**Work instruction**
Quote all of the data below exactly, please.

**Given information**
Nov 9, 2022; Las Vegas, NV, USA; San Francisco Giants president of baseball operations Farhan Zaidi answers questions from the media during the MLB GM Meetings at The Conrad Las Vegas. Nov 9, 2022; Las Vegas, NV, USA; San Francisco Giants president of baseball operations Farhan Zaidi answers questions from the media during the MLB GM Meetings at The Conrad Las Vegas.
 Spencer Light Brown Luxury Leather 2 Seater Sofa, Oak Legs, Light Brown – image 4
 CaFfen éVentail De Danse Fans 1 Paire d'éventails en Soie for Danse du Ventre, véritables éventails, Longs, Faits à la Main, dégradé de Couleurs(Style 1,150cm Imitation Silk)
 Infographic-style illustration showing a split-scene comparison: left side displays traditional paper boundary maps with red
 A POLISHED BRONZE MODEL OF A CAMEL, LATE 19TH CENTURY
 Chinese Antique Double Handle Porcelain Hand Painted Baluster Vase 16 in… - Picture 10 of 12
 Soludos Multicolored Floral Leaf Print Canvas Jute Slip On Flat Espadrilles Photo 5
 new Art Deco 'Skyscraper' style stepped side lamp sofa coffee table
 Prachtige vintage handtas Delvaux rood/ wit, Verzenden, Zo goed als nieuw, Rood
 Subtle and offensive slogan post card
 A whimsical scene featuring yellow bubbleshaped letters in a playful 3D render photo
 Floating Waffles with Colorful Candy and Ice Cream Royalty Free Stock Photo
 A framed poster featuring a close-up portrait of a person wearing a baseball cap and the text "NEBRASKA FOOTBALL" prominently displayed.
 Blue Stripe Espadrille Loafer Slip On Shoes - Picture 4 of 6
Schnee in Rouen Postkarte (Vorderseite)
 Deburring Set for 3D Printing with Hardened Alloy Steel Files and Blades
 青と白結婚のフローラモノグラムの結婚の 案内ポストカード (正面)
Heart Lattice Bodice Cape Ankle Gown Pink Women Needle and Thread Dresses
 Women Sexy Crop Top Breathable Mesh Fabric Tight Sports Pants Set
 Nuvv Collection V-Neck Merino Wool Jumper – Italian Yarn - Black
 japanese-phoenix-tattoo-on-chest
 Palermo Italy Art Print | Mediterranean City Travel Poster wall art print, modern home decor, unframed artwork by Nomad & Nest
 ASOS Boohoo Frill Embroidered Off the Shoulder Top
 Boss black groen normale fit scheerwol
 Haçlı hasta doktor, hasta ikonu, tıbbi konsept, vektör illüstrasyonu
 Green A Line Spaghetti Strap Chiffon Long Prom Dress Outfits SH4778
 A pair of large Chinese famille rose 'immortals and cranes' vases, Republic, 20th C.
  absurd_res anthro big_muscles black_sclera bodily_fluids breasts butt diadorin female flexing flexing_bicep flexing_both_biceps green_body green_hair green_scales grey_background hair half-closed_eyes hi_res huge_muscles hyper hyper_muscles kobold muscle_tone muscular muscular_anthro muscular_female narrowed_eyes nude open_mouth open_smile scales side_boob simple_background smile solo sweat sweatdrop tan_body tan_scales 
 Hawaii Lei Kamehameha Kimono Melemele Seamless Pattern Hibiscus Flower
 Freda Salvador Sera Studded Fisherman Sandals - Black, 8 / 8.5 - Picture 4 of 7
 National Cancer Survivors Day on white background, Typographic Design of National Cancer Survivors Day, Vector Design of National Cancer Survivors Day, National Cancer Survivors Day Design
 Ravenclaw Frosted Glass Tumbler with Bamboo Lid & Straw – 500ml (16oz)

**Exercise result**
Nov 9, 2022; Las Vegas, NV, USA; San Francisco Giants president of baseball operations Farhan Zaidi answers questions from the media during the MLB GM Meetings at The Conrad Las Vegas. Nov 9, 2022; Las Vegas, NV, USA; San Francisco Giants president of baseball operations Farhan Zaidi answers questions from the media during the MLB GM Meetings at The Conrad Las Vegas.
 Spencer Light Brown Luxury Leather 2 Seater Sofa, Oak Legs, Light Brown – image 4
 CaFfen éVentail De Danse Fans 1 Paire d'éventails en Soie for Danse du Ventre, véritables éventails, Longs, Faits à la Main, dégradé de Couleurs(Style 1,150cm Imitation Silk)
 Infographic-style illustration showing a split-scene comparison: left side displays traditional paper boundary maps with red
 A POLISHED BRONZE MODEL OF A CAMEL, LATE 19TH CENTURY
 Chinese Antique Double Handle Porcelain Hand Painted Baluster Vase 16 in… - Picture 10 of 12
 Soludos Multicolored Floral Leaf Print Canvas Jute Slip On Flat Espadrilles Photo 5
 new Art Deco 'Skyscraper' style stepped side lamp sofa coffee table
 Prachtige vintage handtas Delvaux rood/ wit, Verzenden, Zo goed als nieuw, Rood
 Subtle and offensive slogan post card
 A whimsical scene featuring yellow bubbleshaped letters in a playful 3D render photo
 Floating Waffles with Colorful Candy and Ice Cream Royalty Free Stock Photo
 A framed poster featuring a close-up portrait of a person wearing a baseball cap and the text "NEBRASKA FOOTBALL" prominently displayed.
 Blue Stripe Espadrille Loafer Slip On Shoes - Picture 4 of 6
Schnee in Rouen Postkarte (Vorderseite)
 Deburring Set for 3D Printing with Hardened Alloy Steel Files and Blades
 青と白結婚のフローラモノグラムの結婚の 案内ポストカード (正面)
Heart Lattice Bodice Cape Ankle Gown Pink Women Needle and Thread Dresses
 Women Sexy Crop Top Breathable Mesh Fabric Tight Sports Pants Set
 Nuvv Collection V-Neck Merino Wool Jumper – Italian Yarn - Black
 japanese-phoenix-tattoo-on-chest
 Palermo Italy Art Print | Mediterranean City Travel Poster wall art print, modern home decor, unframed artwork by Nomad & Nest
 ASOS Boohoo Frill Embroidered Off the Shoulder Top
 Boss black groen normale fit scheerwol
 Haçlı hasta doktor, hasta ikonu, tıbbi konsept, vektör illüstrasyonu
 Green A Line Spaghetti Strap Chiffon Long Prom Dress Outfits SH4778
 A pair of large Chinese famille rose 'immortals and cranes' vases, Republic, 20th C.
  absurd_res anthro big_muscles black_sclera bodily_fluids breasts butt diadorin female flexing flexing_bicep flexing_both_biceps green_body green_hair green_scales grey_background hair half-closed_eyes hi_res huge_muscles hyper hyper_muscles kobold muscle_tone muscular muscular_anthro muscular_female narrowed_eyes nude open_mouth open_smile scales side_boob simple_background smile solo sweat sweatdrop tan_body tan_scales 
 Hawaii Lei Kamehameha Kimono Melemele Seamless Pattern Hibiscus Flower
 Freda Salvador Sera Studded Fisherman Sandals - Black, 8 / 8.5 - Picture 4 of 7
 National Cancer Survivors Day on white background, Typographic Design of National Cancer Survivors Day, Vector Design of National Cancer Survivors Day, National Cancer Survivors Day Design
 Ravenclaw Frosted Glass Tumbler with Bamboo Lid & Straw – 500ml (16oz)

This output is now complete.